Approach/Activities. In this presentation we will demonstrate an application of Microsoft Power BI as an interactive and user-friendly data visualization platform that allows users to interact with big data sets from multiple sources and of different data types. Users can interact with the information through a user-friendly website without the need to install any desktop software. Content developers can embed ArcGIS for mapping spatial data, R and python programming languages for custom visualizations and advanced data analytics, and Microsoft Data Analysis Expressions (DAX) for sophisticated data querying and evaluating “what-if” scenarios. When designed properly, the system is highly scalable, allowing users to evaluate millions of data entries with ease. Information from different data types can be summarized in interactive maps, charts, and tables. Interactive visuals allow users to turn data on or off, reduce data with filters, or select a group of points on a map. Analytical chemistry data can be overlaid on GIS base layers along with research findings of potential sources. Content developers can use the R programming language to achieve more advanced analytics.
Results/Lessons Learned.
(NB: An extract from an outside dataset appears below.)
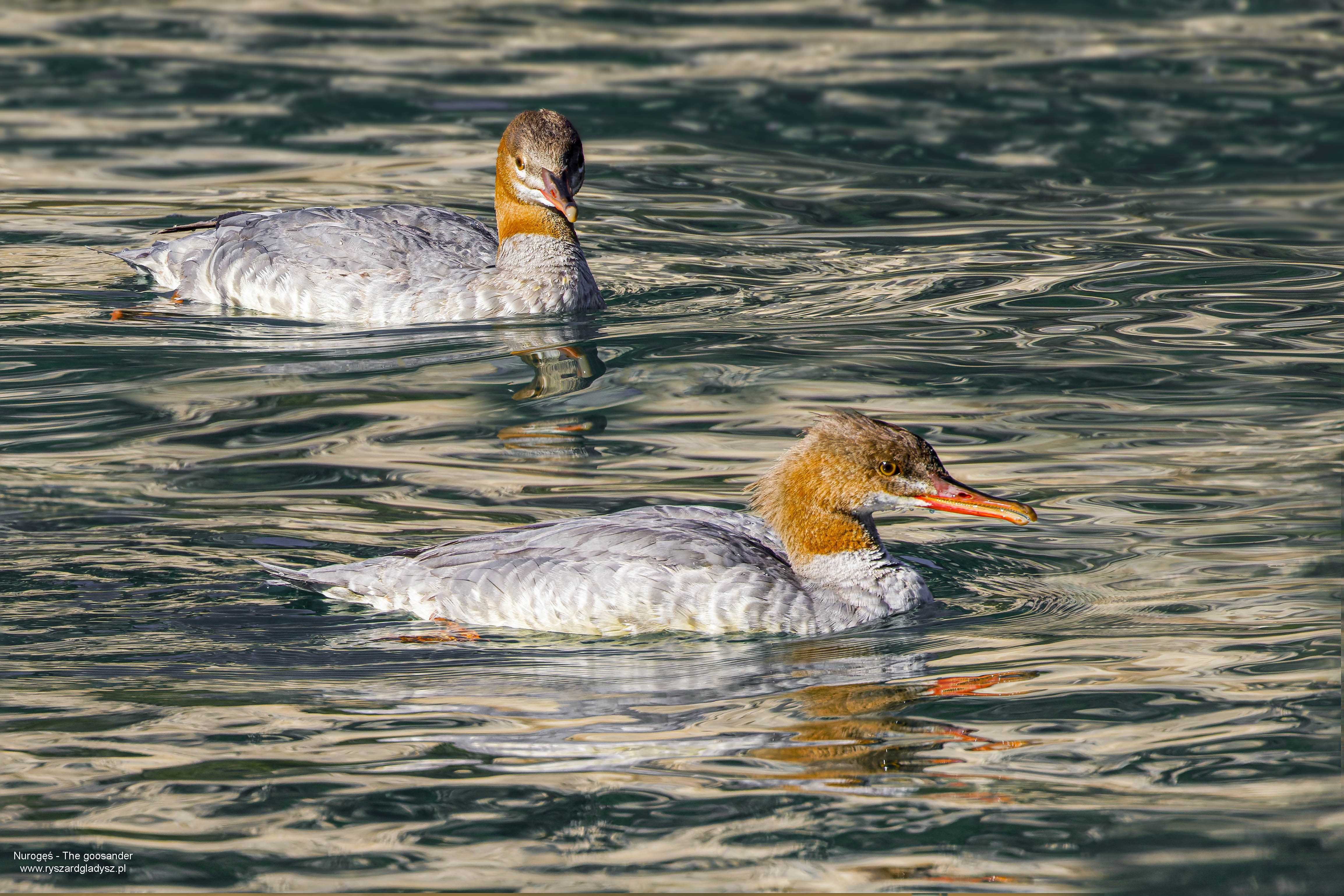 Nurogęś, Mergus merganser, Goosander, Der Gänsesäger, Большой крохаль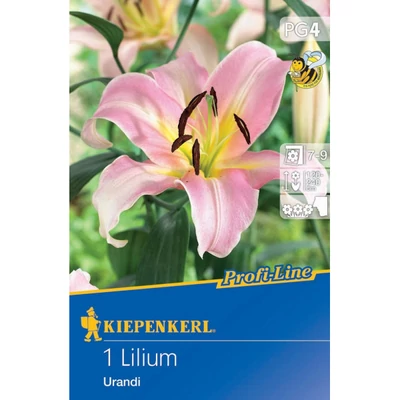 Kiepenkerl Profi-Line Liliom Urandi 1db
The data visualization system has been used successfully internally and externally. Project teams can evaluate millions of rows of data with no need to install software. The system has been useful during team meetings to evaluate questions in real-time as they arise. The ability to evaluate what-if scenarios has also been a useful tool. For example, data can be screened against variable screening criteria and summarized immediately in tables, maps, and figures eliminating the need to generate static interim figures only for one-time use.